The rise of the customer has caused monumental shifts in the way businesses must operate. Gone are the days when you are the only choice, or the easy local choice. Showrooming is commonplace. In such a competitive market, holistic brand and customer experience management have become the differentiator. Businesses have to learn how to deliver experiences that are relevant to their buyers. This is why personalization at scale is also important, creating a path to more immersive experiences as well as the relevance to start an experience.

So here we are. Experiences are at the heart of our world. Our friends, family, co-workers, and the products and services we interact with make up our relevant world. In a competitive and noisy marketplace, companies are realizing how easy it is to be ignored. It isn’t that they don’t have a voice—it’s that everyone else is yelling as loudly as they are. This becomes the optimization conundrum. As more companies become efficient—fueled by technology and marketing—everyone’s voice becomes part of the noise.

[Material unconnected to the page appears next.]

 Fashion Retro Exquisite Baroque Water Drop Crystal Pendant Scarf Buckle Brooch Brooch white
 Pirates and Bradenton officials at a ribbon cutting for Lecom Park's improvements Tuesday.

As this saturation of new stimuli increases for the customers, even companies doing everything right to differentiate themselves are struggling to be relevant. Marketing messages and campaigns are becoming a single stop in a larger connected journey comprised of a series of brand experiences, created, in turn, by two key elements: the product and the marketing. For the time being, experience business success will be driven by the marketing; in the future, it will be centered around the product, when AI and deep learning assistants will research all options, understand all buyer value factors, and produce the optimal purchase and buyer experience result.

Apple showed us a glimpse of what an experience business looked like in the Steve Jobs era, when marketing was fused with brand experience. It was not about hardware or software; it was about being special and being different. Apple moved the focus from the product to the customer and then used marketing to create a brand experience.

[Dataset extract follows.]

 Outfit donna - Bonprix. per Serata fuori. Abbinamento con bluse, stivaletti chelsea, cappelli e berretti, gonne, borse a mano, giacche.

How can you do this in practical terms? You start with understanding. When you understand where you are, it becomes easier to know where you are going. When you understand the principles of what success looks like, then you can figure out the needed change and tactics to get there. As the chief of experience, it is your understanding that creates the foundation of strategy and positioning. Look at the environment and know your business. Only then can you position yourself for success.